Relationships are hard. 

This is a lesson that I’ve learned over and over and over again in the past four years or so.  I’ve seen some end and some flourish.  At the crux of almost all of them is a focal point that relationships that succeed require a lot of work, and not just work, most have factors at play beyond just effort. 
I’ve lost some relationships because I haven’t been willing to put in the work, I’ve lost others because they weren’t willing to put in the work.  I’ve lost more still to distance, some to lack of interest in maintaining one, and a few to simply the fact that I have nothing in common with the other person involved. 

All in all, I’ve found over this time frame that relationships are worth it.  They are worth the pain that they inevitably bring, they are worth the time sacrificed to cultivate them, they are worth the stress and the sorrow.  The vast majority of relationships in my life I value I’ve started and built in the last four years.  This was an intentional step, because a failed marriage in 2014 helped me see how much I wanted to have good relationships, and also how much they can’t just happen by accident.  Since that time, I’ve lost some of my oldest relationships as well, because when I finally objectively looked at them, I realized many weren’t good for either party. 

Today, I’m writing not a blog, but a break-up letter.  I’ve found a relationship that has been poison for me.  Honestly, I’ve known about it for a while, but I was so committed, I couldn’t let it go.  Outside of family, it’s the relationship I’ve held the longest in my entire life, but it’s time to say goodbye.  It’s Dear John time.  I’m sorry it had to go this way, it hurts me deeply, but it’s for the best. 

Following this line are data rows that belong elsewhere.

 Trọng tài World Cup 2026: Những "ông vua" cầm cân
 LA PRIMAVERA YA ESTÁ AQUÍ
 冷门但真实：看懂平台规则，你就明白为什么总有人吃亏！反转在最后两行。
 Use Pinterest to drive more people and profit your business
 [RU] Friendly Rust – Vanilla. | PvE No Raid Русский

Miami Dolphins, I quit you.

For many of my friends, that past sentence may take a minute to absorb.  It’s shocking, stunning, and unfathomable to many I’m guessing.  I have had people approach me in public places and say hello after a decade or more of not seeing each other.  I don’t really look the same, but they recognize me from a distance because of my Dolphins garb.  It’s a rare site in north Idaho, and anyone who’s known me a long time, expects me to be in it frequently. 

For those that don’t know the history of my relationship with the Dolphins, I’ll create the back story a bit.  I was born in Miami and lived there for the first four years of my life.  My family packed up their bags and moved to north Idaho in 1990, I was four years old.  At the time we moved, I didn’t know what the Miami Dolphins were.  I didn’t care about sports at all until around my twelfth birthday.  I’m from there, but that’s not the reason I’ve always been a fan. 

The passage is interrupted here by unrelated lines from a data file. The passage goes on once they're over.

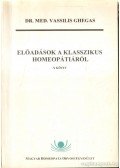 Ghegas, Vassilis - Előadások a klasszikus homeopátiáról - A kötet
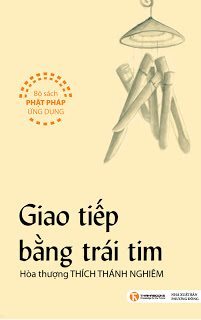 Giao tiếp bằng trái tim - Hòa thượng Thích Thánh Nghiêm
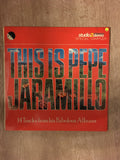 This is Pepe Jaramillo - 14 Tracks from his Fabulous Albums - Vinyl LP Record - Opened  - Very-Good+ Quality (VG+) - C-Plan Audio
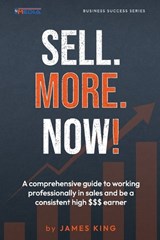 Sell.More. Now! - James King - 9780648618447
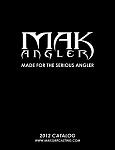 Click image for larger version

Name:	MAK_Angler_Catalog_2012.jpg
Views:	2751
Size:	51.9 KB
ID:	51311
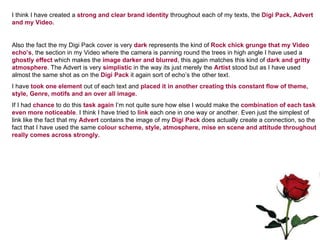 I think I have created a  strong and clear brand identity  throughout each of my texts, the  Digi Pack, Advert and my Video.  Also the fact the my Digi Pack cover is very  dark  represents the kind of  Rock chick grunge that my Video echo’s , the section in my Video where the camera is panning round the trees in high angle I have used a  ghostly effect  which makes the  image darker and blurred , this again matches this kind of  dark and gritty atmosphere . The Advert is very  simplistic  in the way its just merely the  Artist  stood but as I have used almost the same shot as on the  Digi Pack  it again sort of echo’s the other text. I have  took one element  out of each text and  placed it in another creating this constant flow of theme, style, Genre, motifs and an over all image. If I had  chance  to do this  task again  I’m not quite sure how else I would make the  combination of each task even more noticeable . I think I have tried to  link  each one in one way or another. Even just the simplest of link like the fact that my  Advert  contains the image of my  Digi Pack  does actually create a connection, so the fact that I have used the same  colour scheme, style, atmosphere, mise en scene and attitude throughout really comes across strongly.  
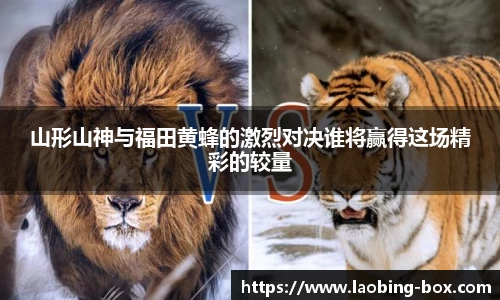 山形山神与福田黄蜂的激烈对决谁将赢得这场精彩的较量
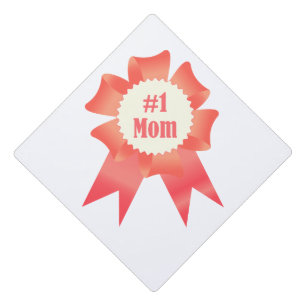 Gratitude Number One Mom winner award ribbon Graduation Cap Topper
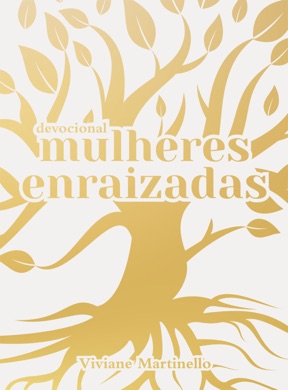 Capa do livro Mulheres enraizadas de Viviane Martinello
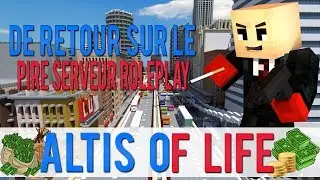 RETOUR sur le PIRE Serveur RP ! : Altis of Life - Serveur Minecraft RP Moddé GTA / Altis Life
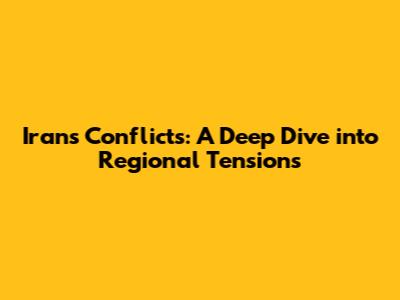 Iran's Conflicts: A Deep Dive into Regional Tensions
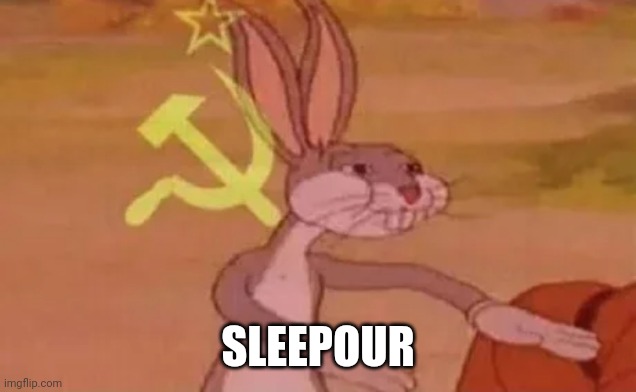 Bugs bunny communist | SLEEPOUR | image tagged in bugs bunny communist | made w/ Imgflip meme maker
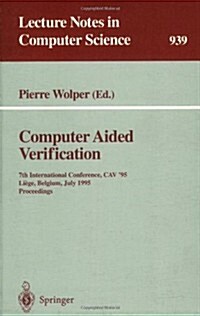 Computer Aided Verification: 7th International Conference, Cav 95, Liege, Belgium, July 3 - 5, 1995. Proceedings (Paperback, 1995)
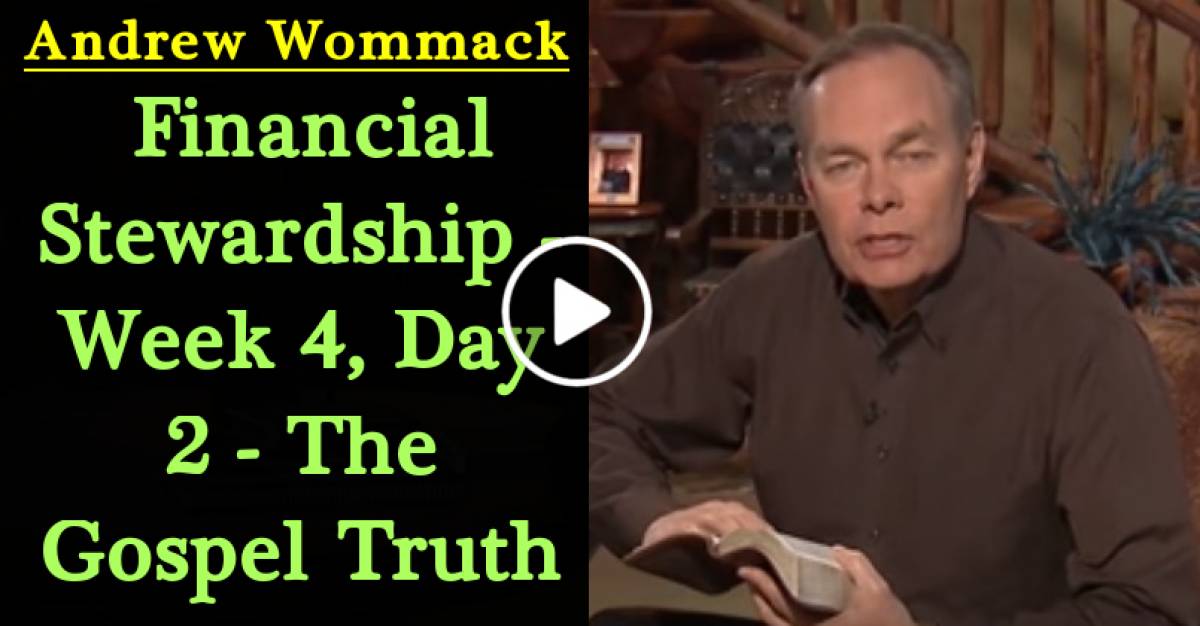 Financial Stewardship - Week 4, Day 2 - The Gospel Truth (May-11-2021) Andrew Wommack Financial Stewardship - Week 4, Day 2 - The Gospel Truth (May-11-2021) Andrew Wommack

As a young child, I was not excited to move from Miami to Coeur d’Alene in the slightest.  I remember very little of living there, but among the memories I’ve retained, one is vivid.  It’s when my parents told me that we were going to be moving to Idaho, and I replied “I don’t want to live in Idaho, there’s nothing to do there.”  From that moment on, being from Florida became important to me.  I loved Florida, and four year old Taylor was hell bent on making that chunk of his life a cornerstone of his identity. 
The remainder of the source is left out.